The energy ministry is examining the possibility of easing the financial contributions of small-scale PV units – facilities with capacities of no more than 100 KW – to the “disruption management” plan, following requests made last week by renewable energy source (RES) representatives during a meeting hosted by the ministry, energypress has been informed by a leading ministry official and additional sources.
Following the meeting, during which energy minister Panos Skourletis updated energy industry officials spanning the entire sector on reform developments, including the “disruption management” plan – to enable energy cost savings for major-scale industry in exchange for shifting energy usage to off-peak hours whenever required by IPTO, the power grid operator – it had been announced that certain revisions to the ‘distruption’ plan’s funding would be attempted, even if just marginal, based on observations and proposals by participants. No further information had been provided.

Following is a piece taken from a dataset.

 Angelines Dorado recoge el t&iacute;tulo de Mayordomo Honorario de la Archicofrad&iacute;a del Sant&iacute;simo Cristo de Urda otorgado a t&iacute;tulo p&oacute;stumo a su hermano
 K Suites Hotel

Originally, it had been planned for small-scale photovoltaic sector operators with facilities of up to 100 KW, barring household PVs, to contribute 3.6 percent of their total turnover to the “disruption management” plan. Wind-energy facility operators were planned to contribute 1.8 percent of turnover, and small-scale hydropower stations 0.8 percent of turnover. This plan had been endorsed by the European Commission during the pre-Syriza coalition’s tenure.

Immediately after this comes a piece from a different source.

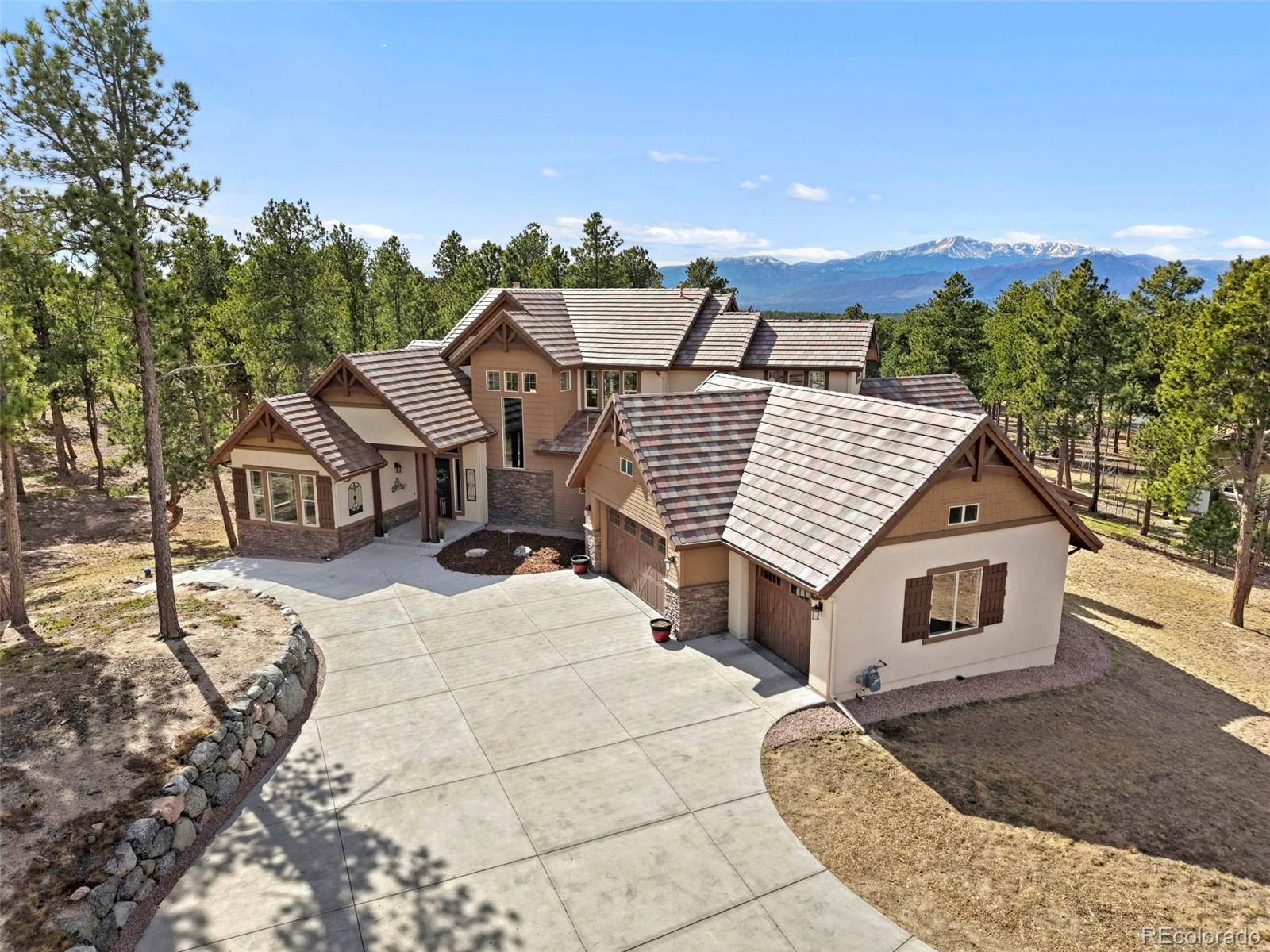 4255 Foxchase Way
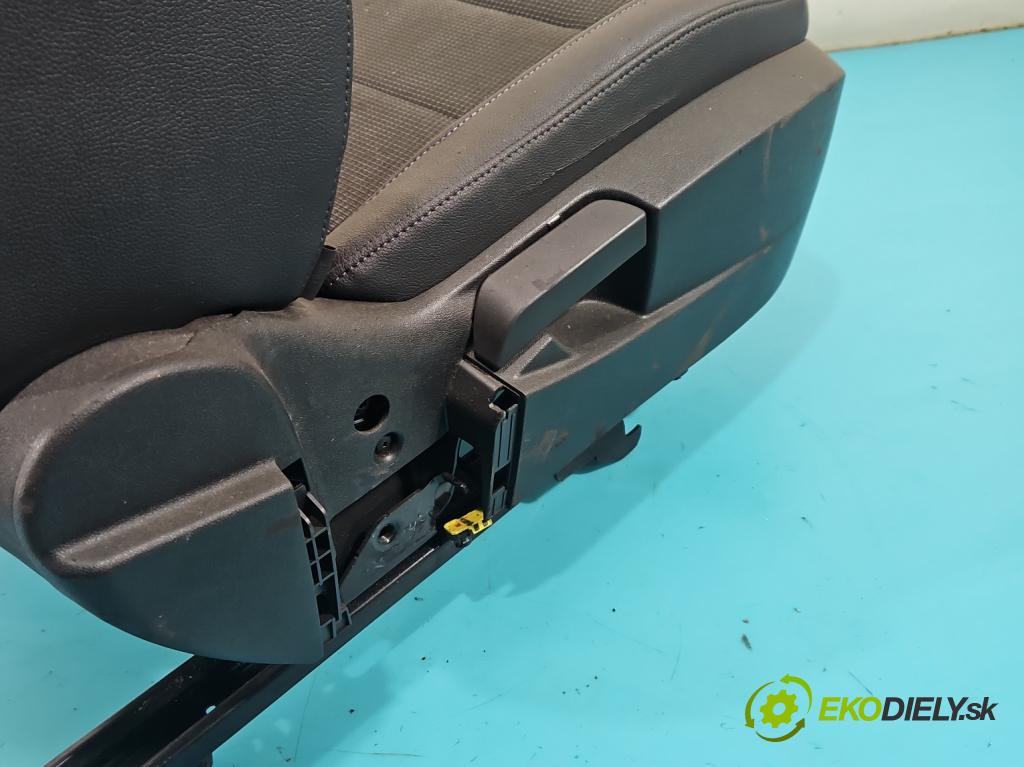 Opel Insignia A 2008-2017 2.0 T 220KM automatic 162 kW 1998 cm3 5- Sedadlo pravý  (Sedadlo)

The 3.6 percent contribution of small-scale PV operators may now be reduced, while contributions by other RES sub-sectors could be increased to offset the cut.
Based on the aforementioned percentage figures, a total of about 48 million euros would be raised annually for the “disruption management” plan, although it is believed that no more than 30 million euros is required.
RES sector officials condemned the plan during Friday’s meeting, noting sector firms are being called upon to contribute to a mechanism that will ultimately benefit the industrial sector.